- **Description of the task**
Could you give the entries back exactly as they stand, minus any pictures?

- **Data in this exercise**
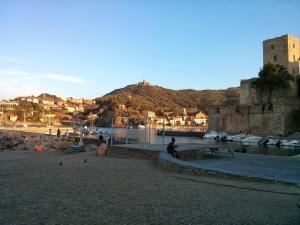 Maisons de vacances Maison de 3 chambres avec jardin clos et wifi a Argeles sur Mer a 5 km de la plage : photos des chambres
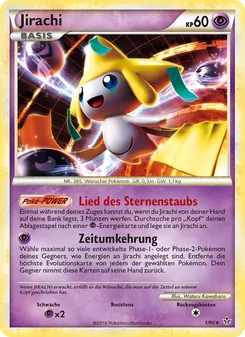 Jirachi (Entfesselt #1/95)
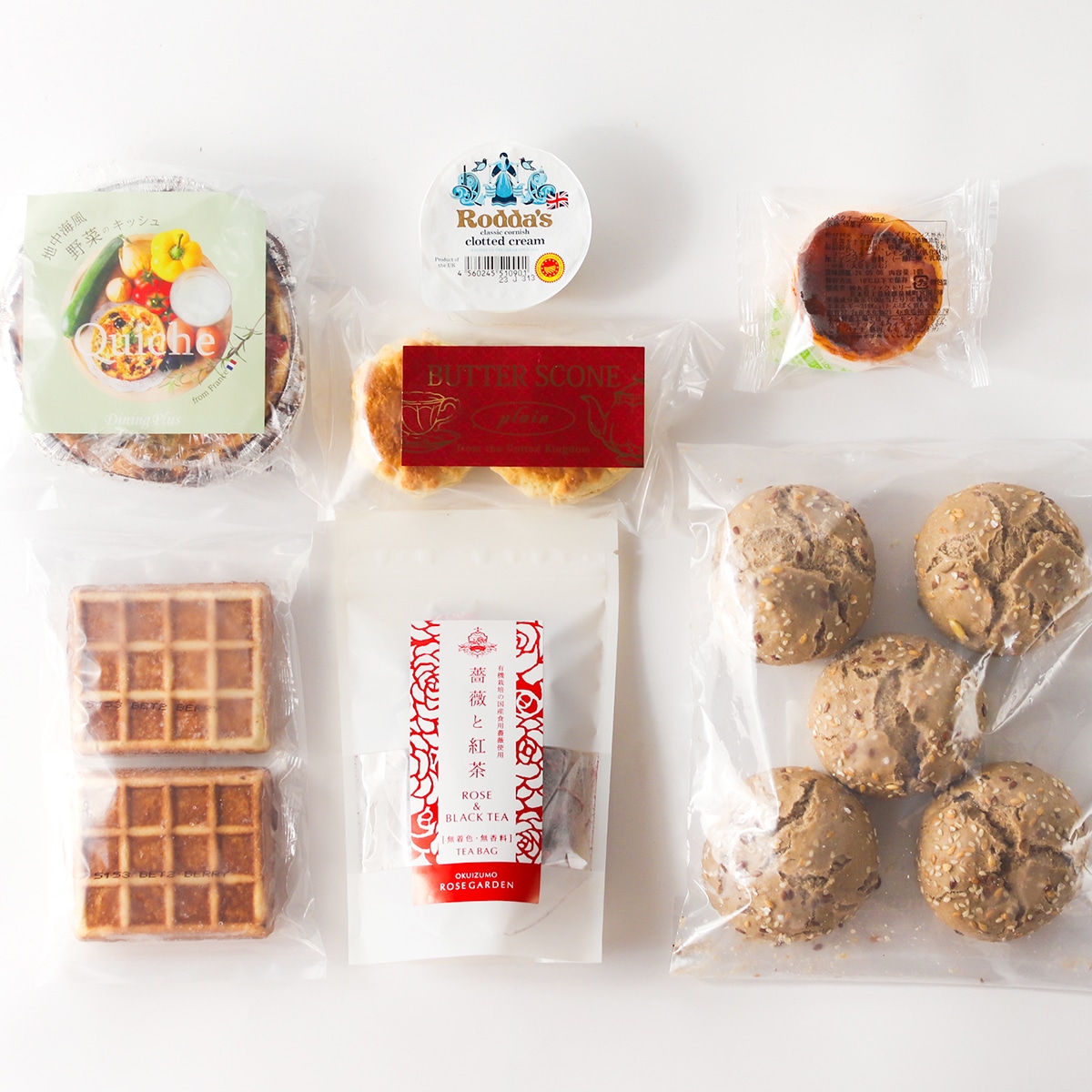 《期間限定》優雅な春のアフタヌーンティーセット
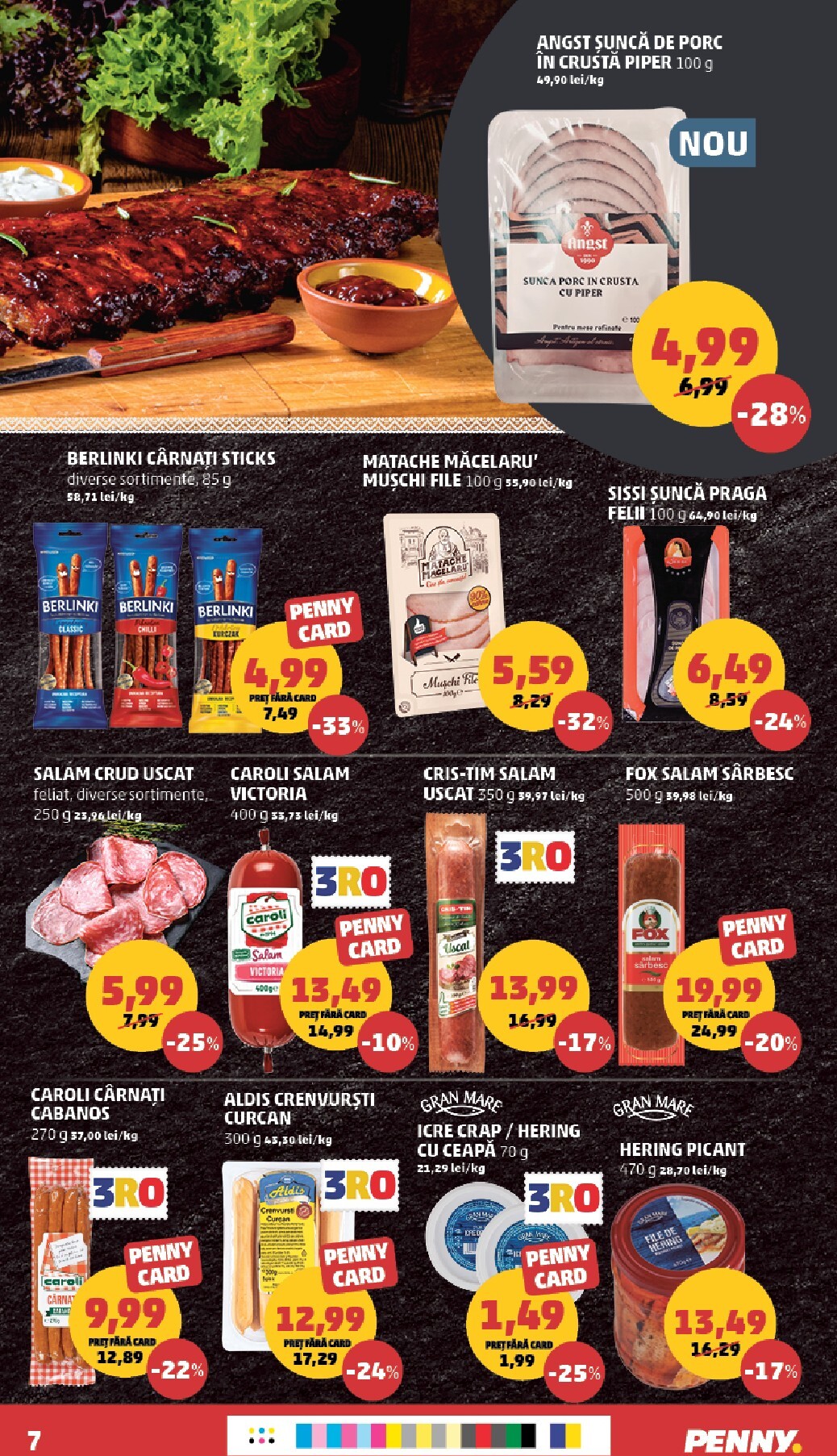 penny - Catalog PENNY online – oferte valabile din 25.03.2026 - page: 7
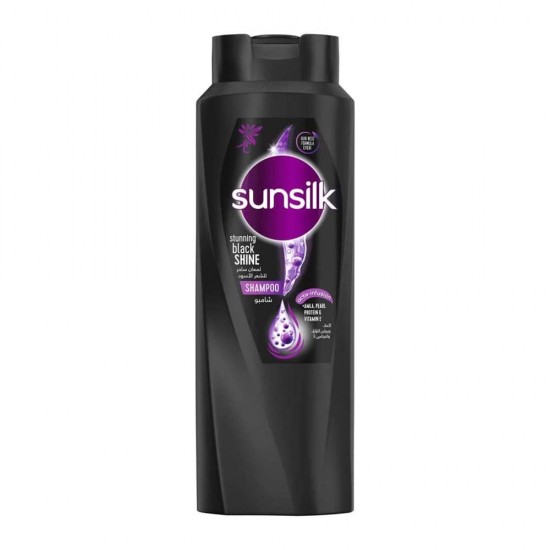Sunsilk Stunning Black Shine Shampoo - 700 ml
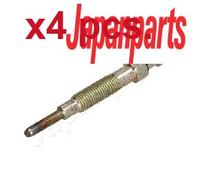 X4 PCS GLOW PLUGS SET X4 PCS. CE-000 JAPANPARTS I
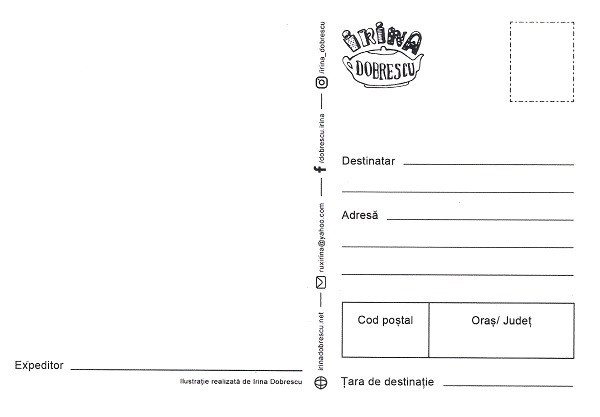 Carte postala: Casuta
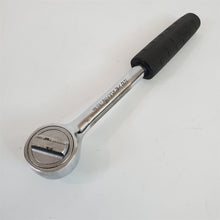 Load image into Gallery viewer, Vintage WRIGHT 3400 Adjustable Wrench Tootsie Roll Handle 7&quot; long 3/8&quot; Drive
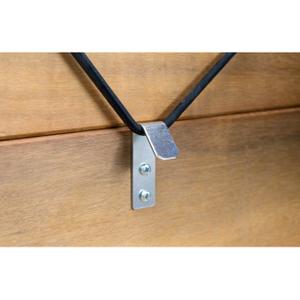 Ganchos planos Kerbl (x2)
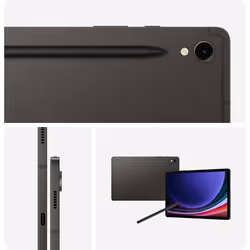Samsung Galaxy Tab S9 SM-X716B 5G Qualcomm Snapdragon 256 Go 27,9 cm (11") 12 Go Wi-Fi 6 (802.11ax) Android 13 Graphite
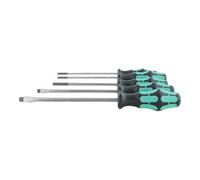 Wera Wera Jeu de tournevis normalisés pour visà fente, avec manche Kraftform, Nombre de tournevis: 8 Quantité:1
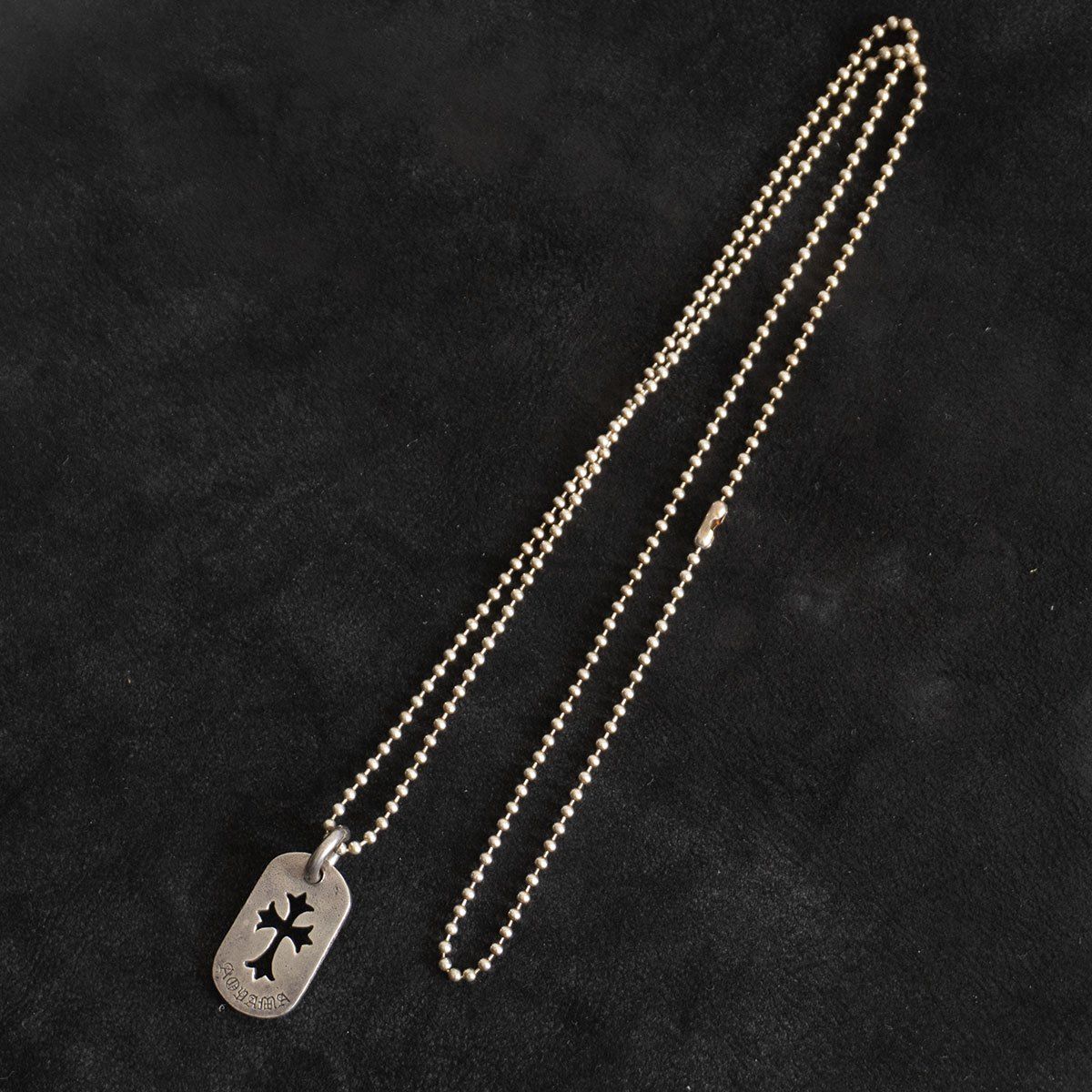 最高級】CHROME HEARTS【D TAG SML CO CRS】シルバー クロムハーツ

- **Response to this task**
 Maisons de vacances Maison de 3 chambres avec jardin clos et wifi a Argeles sur Mer a 5 km de la plage : photos des chambres
 Jirachi (Entfesselt #1/95)
 《期間限定》優雅な春のアフタヌーンティーセット
 penny - Catalog PENNY online – oferte valabile din 25.03.2026 - page: 7
Sunsilk Stunning Black Shine Shampoo - 700 ml
 X4 PCS GLOW PLUGS SET X4 PCS. CE-000 JAPANPARTS I
 Carte postala: Casuta
 Load image into Gallery viewer, Vintage WRIGHT 3400 Adjustable Wrench Tootsie Roll Handle 7&quot; long 3/8&quot; Drive
 Ganchos planos Kerbl (x2)
Samsung Galaxy Tab S9 SM-X716B 5G Qualcomm Snapdragon 256 Go 27,9 cm (11") 12 Go Wi-Fi 6 (802.11ax) Android 13 Graphite
 Wera Wera Jeu de tournevis normalisés pour visà fente, avec manche Kraftform, Nombre de tournevis: 8 Quantité:1
 最高級】CHROME HEARTS【D TAG SML CO CRS】シルバー クロムハーツ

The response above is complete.